The area under the curve is calculated as the area below the Receiver Operating Characteristic (ROC) curve. The ROC curve is displayed on a two-dimensional graph, where data points are determined by sensitivity (y-axis) and (1 − specificity) (x-axis) for all possible cutoff values29.

Gradient boosting machine

Gradient boosting machine (GBM) is an ensemble machine learning method that combines the knowledge of several weak prediction models. The ensemble of models is built sequentially, where each subsequent model corrects the mistakes made by previous models, therefore, minimizes a loss function30,31.

Indices of careless responding

Package that deals with indices of careless responding, known as Careless package32 for statistical language R, was used to calculate the indices of careless responding needed for generating all_extracted dataset. This library provides different data-driven detection mechanisms to detect careless respondents (noted as indices of careless responding in this paper): psychometric synonym (res_psycsyn), psychometric antonym (res_psychant), longstring (str), average longstring (avgstr), intra-individual response variability (irv), Mahalanobis distance (res_mahad) and Even-Odd consistency index (res_evenodd).
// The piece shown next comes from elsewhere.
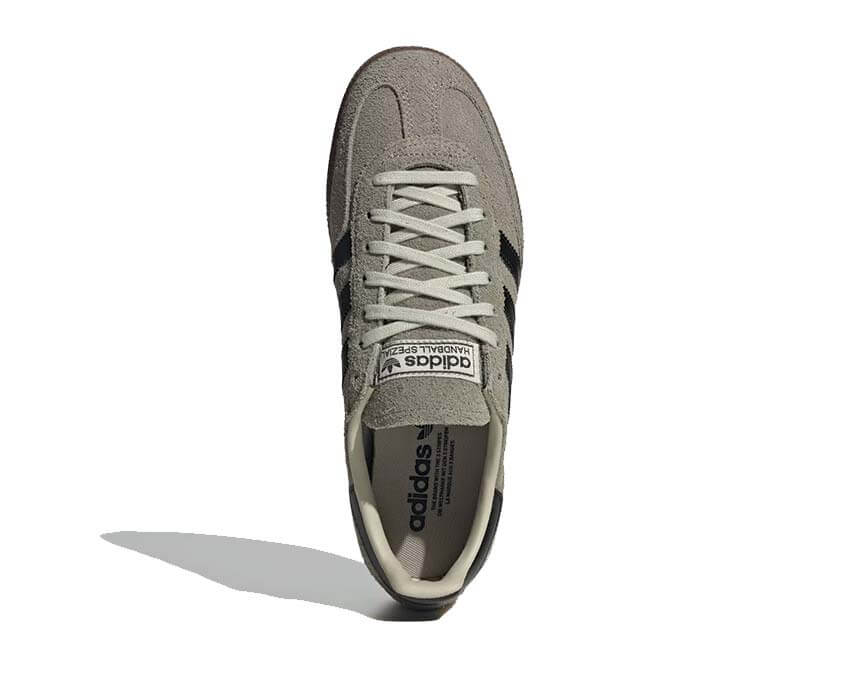 Adidas Handball Spezial "Silver Pebble"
The following indices of careless responding were used as additional variables in the dataset: psychometric synonym (psychsyn) score is a measure of strongly positively correlated item pairs. Each respondent’s score is calculated as the within-person correlation between corresponding item pairs. In contrast, psychometric antonym (psychant) score is a measure of strongly negatively correlated item pairs, whereas the score at the respondent’s level is therefore determined in an identical way1. Longstring, also known as longstring index, represents several consecutive identical responses made by a respondent. Its variation, average longstring, represents an average number of consecutive identical responses for each respondent4. Another metric, intra-individual response variability (irv) is a measured standard deviation of consecutive respondent’s responses across all item responses. It is considered as an extension of longstring index10. Mahalanobis distance (res_mahad) measures “multivariate distance between respondent’s response vector and the vector of sample means”1. Even-Odd consistency index (res_evenodd) is a measure that yields within-person product-moment correlation between even numbered and odd numbered half scale scores among all scores4.
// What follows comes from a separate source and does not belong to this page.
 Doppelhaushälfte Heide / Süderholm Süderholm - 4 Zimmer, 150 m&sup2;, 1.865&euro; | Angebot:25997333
Shapley additive explanations

In this subsection, we describe a prediction model interpretability technique that was used to obtain an explanation of the model predictions.

Shapley additive explanations, also known as SHAP, is a technique to explain models’ decisions on an individual sample level. It applies principles of game theory to compute Shapley values which measure the variables’ influence on the model’s prediction. Shapley value is the result of averaging the variable’s marginal contributions to every possible sample prediction and is determined with the following formulation19,33:

$$\begin{aligned} \phi _i=\sum _{S\subseteq F\backslash \{i\}}^{} \frac{|S|!(|F|-|S|-1)!}{|F|!}[f_{S\cup \{i\}}(x_{S\cup \{i\}})-f_S(X_S)], \end{aligned}$$

where F is the set of all variables, \(f_{S\cup \{i\}}\) is the model trained with the variable \(i\) included, \(f_S\) is the model with the variable withheld and \(x_S\) are the values of the variables within the subset \(S\). For a detailed explanation, please check the publication of Lundberg et al.34. A higher positive shapley value suggests that a variable has greater importance in determining a positive outcome, while a higher negative shapley value indicates greater importance in determining a negative outcome. When a shapley value is equal to zero, it means that this variable does not contribute anything or is not directly connected to the decision35.

Supplementary web application

Additionally, we built a Shiny application36 that allows comparison of the proposed GBM model, built on data consisting of responses, demographic information, and Indices of careless responding. In a separate tab of the web application, we offer an insight into the local interpretability of the GBM model built on all_extracted data, including response times, as well as other indices of careless responding.

In a comparison, GBM performance is compared against the following indices of careless responding: psychometric synonym score (psychsyn), psychometric antonym score (psychant), longstring and longstring (Average). Optionally, we added several decision thresholds that present boundaries between predicted careless respondents and regular respondents. These thresholds can be interactively modified for each careless metric to obtain the highest possible performance. Performance can be compared with evaluation metrics such as an area under a curve (auc), F1-score (F1), sensitivity (sens) and specificity (spec).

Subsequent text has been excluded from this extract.